Vol. 72/No. 18      May 5, 2008

 
Rosa Luxemburg on reforms and socialist revolution
(Books of the Month column)
 
Below is an excerpt from Reform or Revolution by Rosa Luxemburg, one of the outstanding pre-World War I revolutionary figures. In this collection of articles Luxemburg sounds the alarm against the attempt by Eduard Bernstein, a central leader of the German Social Democratic Party, the largest socialist party of the time, to revise basic Marxist theory on the class struggle and the nature of capitalism. Copyright ©1970 Pathfinder Press. Reprinted by permission.

BY ROSA LUXEMBURG  
At first view the title of this work may be found surprising. Can the social democracy be against reforms? Can we counterpose the social revolution, the transformation of the existing order, our final goal, to social reforms? Certainly not. The daily struggle for reforms, for the amelioration of the condition of the workers within the framework of the existing social order, and for democratic institutions, offers to the social democracy the only means of engaging in the proletarian class war and working in the direction of the final goal—the conquest of political power and the suppression of wage labor. Between social reforms and revolution there exists for the social democracy an indissoluble tie. The struggle for reforms is its means; the social revolution, its aim.

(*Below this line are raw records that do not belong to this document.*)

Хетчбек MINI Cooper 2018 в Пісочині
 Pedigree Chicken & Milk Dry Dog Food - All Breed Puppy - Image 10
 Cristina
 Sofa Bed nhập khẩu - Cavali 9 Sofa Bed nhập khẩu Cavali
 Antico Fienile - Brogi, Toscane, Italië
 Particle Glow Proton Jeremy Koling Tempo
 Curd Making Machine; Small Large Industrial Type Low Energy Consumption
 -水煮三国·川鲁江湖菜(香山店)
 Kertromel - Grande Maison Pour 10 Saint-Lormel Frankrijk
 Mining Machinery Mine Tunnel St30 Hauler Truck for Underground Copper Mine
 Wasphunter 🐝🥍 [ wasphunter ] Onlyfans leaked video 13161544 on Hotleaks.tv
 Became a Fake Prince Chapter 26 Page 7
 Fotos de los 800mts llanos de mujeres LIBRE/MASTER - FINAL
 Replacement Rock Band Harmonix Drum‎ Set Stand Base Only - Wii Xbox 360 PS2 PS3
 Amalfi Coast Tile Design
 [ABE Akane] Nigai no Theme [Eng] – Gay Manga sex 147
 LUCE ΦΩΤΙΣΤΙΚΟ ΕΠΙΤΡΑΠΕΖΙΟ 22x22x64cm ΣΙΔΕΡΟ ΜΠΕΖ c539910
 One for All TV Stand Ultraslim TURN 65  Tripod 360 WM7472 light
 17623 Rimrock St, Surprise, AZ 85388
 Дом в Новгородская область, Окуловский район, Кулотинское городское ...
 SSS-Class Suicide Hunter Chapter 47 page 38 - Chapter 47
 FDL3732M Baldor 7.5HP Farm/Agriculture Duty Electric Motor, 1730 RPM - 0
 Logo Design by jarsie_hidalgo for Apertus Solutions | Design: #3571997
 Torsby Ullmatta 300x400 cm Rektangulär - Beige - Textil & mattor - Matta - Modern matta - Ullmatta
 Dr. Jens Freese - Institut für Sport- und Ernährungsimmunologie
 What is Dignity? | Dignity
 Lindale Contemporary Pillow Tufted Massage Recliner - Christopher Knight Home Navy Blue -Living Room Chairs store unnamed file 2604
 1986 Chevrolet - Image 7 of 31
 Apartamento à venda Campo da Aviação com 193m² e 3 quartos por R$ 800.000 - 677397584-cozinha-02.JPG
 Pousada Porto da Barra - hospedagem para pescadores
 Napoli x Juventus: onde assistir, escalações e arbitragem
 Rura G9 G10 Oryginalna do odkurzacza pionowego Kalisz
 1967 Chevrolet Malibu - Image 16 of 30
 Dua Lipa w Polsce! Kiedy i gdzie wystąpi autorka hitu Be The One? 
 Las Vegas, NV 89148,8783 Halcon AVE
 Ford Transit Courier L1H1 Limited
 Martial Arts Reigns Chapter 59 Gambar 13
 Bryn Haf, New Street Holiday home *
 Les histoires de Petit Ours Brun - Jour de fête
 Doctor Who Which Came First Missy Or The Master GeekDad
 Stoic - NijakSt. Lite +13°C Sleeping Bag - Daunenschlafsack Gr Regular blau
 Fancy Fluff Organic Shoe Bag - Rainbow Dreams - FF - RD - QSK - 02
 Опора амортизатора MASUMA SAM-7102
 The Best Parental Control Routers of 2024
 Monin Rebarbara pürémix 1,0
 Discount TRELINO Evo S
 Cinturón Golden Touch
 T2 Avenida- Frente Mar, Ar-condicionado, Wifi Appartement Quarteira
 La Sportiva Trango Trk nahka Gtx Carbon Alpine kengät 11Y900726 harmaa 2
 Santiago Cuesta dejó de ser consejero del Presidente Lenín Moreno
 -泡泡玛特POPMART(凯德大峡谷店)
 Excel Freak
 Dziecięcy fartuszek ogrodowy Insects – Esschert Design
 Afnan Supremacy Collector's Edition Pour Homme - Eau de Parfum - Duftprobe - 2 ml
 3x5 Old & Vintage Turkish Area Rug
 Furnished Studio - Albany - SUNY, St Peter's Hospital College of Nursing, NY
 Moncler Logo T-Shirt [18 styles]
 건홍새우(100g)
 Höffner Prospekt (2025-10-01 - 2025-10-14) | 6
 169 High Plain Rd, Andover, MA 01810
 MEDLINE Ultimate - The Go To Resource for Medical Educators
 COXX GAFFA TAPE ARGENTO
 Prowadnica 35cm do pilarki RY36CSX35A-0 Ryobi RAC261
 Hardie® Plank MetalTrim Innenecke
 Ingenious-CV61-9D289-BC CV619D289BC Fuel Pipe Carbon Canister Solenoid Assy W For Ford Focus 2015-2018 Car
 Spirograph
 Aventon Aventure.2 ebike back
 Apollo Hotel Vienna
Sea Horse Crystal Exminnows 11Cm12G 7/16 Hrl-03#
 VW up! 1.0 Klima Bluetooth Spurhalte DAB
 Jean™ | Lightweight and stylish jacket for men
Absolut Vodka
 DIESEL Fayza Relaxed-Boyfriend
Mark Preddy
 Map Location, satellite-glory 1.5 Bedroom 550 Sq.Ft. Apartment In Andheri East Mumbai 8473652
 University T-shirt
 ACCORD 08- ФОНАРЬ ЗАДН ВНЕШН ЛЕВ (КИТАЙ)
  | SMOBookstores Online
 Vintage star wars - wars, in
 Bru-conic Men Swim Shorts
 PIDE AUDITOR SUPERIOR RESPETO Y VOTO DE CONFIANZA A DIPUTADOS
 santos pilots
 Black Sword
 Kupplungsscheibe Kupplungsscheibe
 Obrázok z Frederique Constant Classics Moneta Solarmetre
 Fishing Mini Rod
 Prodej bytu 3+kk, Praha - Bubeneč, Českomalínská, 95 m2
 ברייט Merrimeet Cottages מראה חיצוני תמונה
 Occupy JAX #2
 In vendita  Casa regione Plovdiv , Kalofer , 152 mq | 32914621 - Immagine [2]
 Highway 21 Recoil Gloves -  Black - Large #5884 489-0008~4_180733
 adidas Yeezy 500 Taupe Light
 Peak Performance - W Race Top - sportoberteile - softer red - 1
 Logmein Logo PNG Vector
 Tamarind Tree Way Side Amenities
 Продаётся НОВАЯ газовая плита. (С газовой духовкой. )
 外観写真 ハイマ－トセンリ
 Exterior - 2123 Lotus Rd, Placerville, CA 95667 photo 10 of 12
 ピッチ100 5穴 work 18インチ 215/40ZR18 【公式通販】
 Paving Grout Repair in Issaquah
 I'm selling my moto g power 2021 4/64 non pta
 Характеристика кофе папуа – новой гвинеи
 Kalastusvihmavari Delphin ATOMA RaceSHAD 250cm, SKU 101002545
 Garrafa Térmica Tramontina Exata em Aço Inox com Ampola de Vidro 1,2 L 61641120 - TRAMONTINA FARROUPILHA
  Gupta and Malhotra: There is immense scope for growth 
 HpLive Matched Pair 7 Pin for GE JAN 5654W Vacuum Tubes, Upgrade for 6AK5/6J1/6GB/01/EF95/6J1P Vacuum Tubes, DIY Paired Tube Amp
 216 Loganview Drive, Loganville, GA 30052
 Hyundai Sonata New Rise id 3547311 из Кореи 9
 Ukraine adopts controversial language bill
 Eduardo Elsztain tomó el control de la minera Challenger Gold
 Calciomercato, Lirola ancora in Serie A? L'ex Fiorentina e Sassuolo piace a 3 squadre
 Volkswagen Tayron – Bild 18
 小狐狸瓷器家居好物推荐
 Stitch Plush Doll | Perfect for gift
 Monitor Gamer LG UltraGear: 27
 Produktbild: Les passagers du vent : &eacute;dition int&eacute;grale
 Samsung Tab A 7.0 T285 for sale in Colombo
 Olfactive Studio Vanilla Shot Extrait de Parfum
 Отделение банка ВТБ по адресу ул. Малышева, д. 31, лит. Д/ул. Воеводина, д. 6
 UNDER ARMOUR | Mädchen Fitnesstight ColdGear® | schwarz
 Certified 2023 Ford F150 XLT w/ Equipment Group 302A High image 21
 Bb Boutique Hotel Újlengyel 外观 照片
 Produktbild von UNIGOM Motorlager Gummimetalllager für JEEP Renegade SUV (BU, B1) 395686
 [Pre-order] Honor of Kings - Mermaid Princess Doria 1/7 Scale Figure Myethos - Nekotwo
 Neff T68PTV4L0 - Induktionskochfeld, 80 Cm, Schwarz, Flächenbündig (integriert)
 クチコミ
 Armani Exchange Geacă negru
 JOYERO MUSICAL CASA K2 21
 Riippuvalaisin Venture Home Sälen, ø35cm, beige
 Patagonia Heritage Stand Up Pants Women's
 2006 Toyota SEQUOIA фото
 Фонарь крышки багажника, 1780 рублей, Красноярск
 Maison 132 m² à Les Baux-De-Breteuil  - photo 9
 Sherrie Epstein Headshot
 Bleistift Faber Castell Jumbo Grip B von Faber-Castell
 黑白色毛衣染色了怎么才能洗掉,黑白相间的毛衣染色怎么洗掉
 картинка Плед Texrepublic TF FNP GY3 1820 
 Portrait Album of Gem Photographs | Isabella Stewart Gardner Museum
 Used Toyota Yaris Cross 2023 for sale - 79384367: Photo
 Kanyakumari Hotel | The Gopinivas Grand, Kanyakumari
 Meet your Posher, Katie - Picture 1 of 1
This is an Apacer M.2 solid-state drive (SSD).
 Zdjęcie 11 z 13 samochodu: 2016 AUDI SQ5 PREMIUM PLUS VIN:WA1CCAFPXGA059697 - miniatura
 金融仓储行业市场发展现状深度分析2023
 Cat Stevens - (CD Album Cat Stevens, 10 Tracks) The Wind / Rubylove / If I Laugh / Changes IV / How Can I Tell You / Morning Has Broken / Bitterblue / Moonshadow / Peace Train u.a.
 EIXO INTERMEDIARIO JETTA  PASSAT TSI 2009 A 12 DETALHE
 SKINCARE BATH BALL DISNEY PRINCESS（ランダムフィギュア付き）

It is in Eduard Bernstein’s theory, presented in his articles on “Problems of Socialism,” Neue Zeit of 1897-98, and in his book Die Voraussetzungen des Sozialismus and die Aufgaben der Sozialdemokratie [The Preconditions of Socialism and the Tasks of Social Democracy—in English published under the title Evolutionary Socialism—Ed.] that we find for the first time, the opposition of the two factors of the labor movement. His theory tends to counsel us to renounce the social transformation, the final goal of the social democracy and, inversely, to make of social reforms, the means of the class struggle, its aim. Bernstein himself has very clearly and characteristically formulated this viewpoint when he wrote: “The final goal, no matter what it is, is nothing; the movement is everything.”

But since the final goal of socialism constitutes the only decisive factor distinguishing the social democratic movement from bourgeois democracy and from bourgeois radicalism, the only factor transforming the entire labor movement from a vain effort to repair the capitalist order into a class struggle against this order, for the suppression of this order—the question: “Reform or revolution?” as it is posed by Bernstein, equals for the social democracy the question: “To be or not to be?” In the controversy with Bernstein and his followers, everybody in the party ought to understand clearly it is not a question of this or that method of struggle, or the use of this or that set of tactics, but of the very existence of the social democratic movement.

Upon a casual consideration of Bernstein’s theory, this may appear like an exaggeration. Does he not continually mention the social democracy and its aims? Does he not repeat again and again, in very explicit language, that he too strives toward the final goal of socialism, but in another way? Does he not stress particularly that he fully approves of the present practice of the social democracy?

That is all true, to be sure. It is also true that every new movement, when it first elaborates its theory and policy, begins by finding support in the preceding movement, though it may be in direct contradiction with the latter. It begins by suiting itself to the forms found at hand and by speaking the language spoken hereto. In time, the new grain breaks through the old husk. The new movement finds its own forms and its own language.

To expect an opposition against scientific socialism at its very beginning, to express itself clearly, fully, and to the last consequence on the subject of its real content; to expect it to deny openly and bluntly the theoretic basis of the social democracy—would amount to underrating the power of scientific socialism. Today he who wants to pass as a socialist, and at the same time would declare war on Marxian doctrine, the most stupendous product of the human mind in the century, must begin with involuntary esteem for Marx. He must begin by acknowledging himself to be his disciple, by seeking in Marx’s own teachings the points of support for an attack on the latter, while he represents this attack as a further development of Marxian doctrine. On this account, we must, unconcerned by its outer forms, pick out the sheathed kernel of Bernstein’s theory. This is a matter of urgent necessity for the broad layers of the industrial proletariat in our party.

No coarser insult, no baser aspersion, can be thrown against the workers than the remark: “Theoretic controversies are only for academicians.” Some time ago Lassalle said: “Only when science and the workers, these opposite poles of society, become one, will they crush in their arms of steel all obstacles to culture.” The entire strength of the modern labor movement rests on theoretic knowledge.

But doubly important is this knowledge for the workers in the present case, because it is precisely they and their influence in the movement that are in the balance here. It is their skin that is being brought to market. The opportunist theory in the party, the theory formulated by Bernstein, is nothing else than an unconscious attempt to assure predominance to the petty bourgeois elements that have entered our party, to change the policy and aims of our party in their direction. The question of reform and revolution, of the final goal and the movement, is basically, in another form, but the question of the petty bourgeois or proletarian character of the labor movement.